Each part contains three or four chapters designed for seven-to-ten-year-old readers. San Francisco-based illustrator Adela Li, influenced by contemporary art and Chinese line drawing, amplifies the excitement and magic of these stories.
We were intrigued by some similarities to tales of other cultures. Creation takes seven days. Pangu — the first being to hatch from the perfect, boundary-less solitude that was there from the beginning — endures innumerable transformations until his "life force spread over the land, finally free. Everywhere that felt Pangu's breath, life came into being. ... In this way Pangu died, and in this way Pangu continues to live." (Sound familiar?)

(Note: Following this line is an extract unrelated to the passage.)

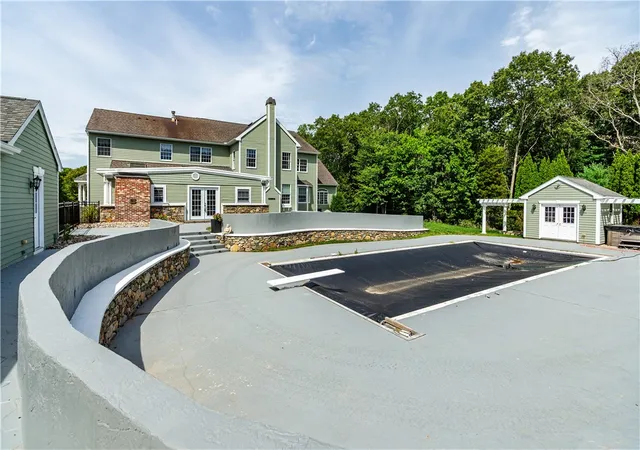 Photo 49 of Single family home for sale at 5 Lenihan Ln, East Greenwich, RI 02818 | MLS# 1424913 | Listing updated on 2026-10-22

But the unique twists, details, and lyricism are what gives this book its great charm. For instance, a stone monkey appears at first to be "a strange accident of heaven and earth." But then he seeks and acquires not only immortality but also a 20-foot-high column that can shrink into a walking stick which he can wield with one hand even though it weighs 13,500 pounds!
And when the God of Water, Gonggong, wrathfully splits apart Buzhou mountain, which helps separate heaven and earth, the sky rips, revealing endless darkness. Nuwa, the Mother of Humankind, needs to remake the sky, which she does by collecting all the colors:
"She took the white light that glints off metal in the sun, the black that dreams in the depth of the ocean, the blue-green blush of a budding leaf, the red that snarls in the heart of flame, and the rich yellow warmth of clay .... These she melted down into a rainbowlike mix and spread it across the sky until it was sturdy and whole once more."
The book concludes with further reading sources and references, and with the author's encouragement for readers to do their own digging into Chinese mythology, only a portion of which he could include in these hundred pages. Readers leave the book inspired to take up their own quests with courage and a touch of genius.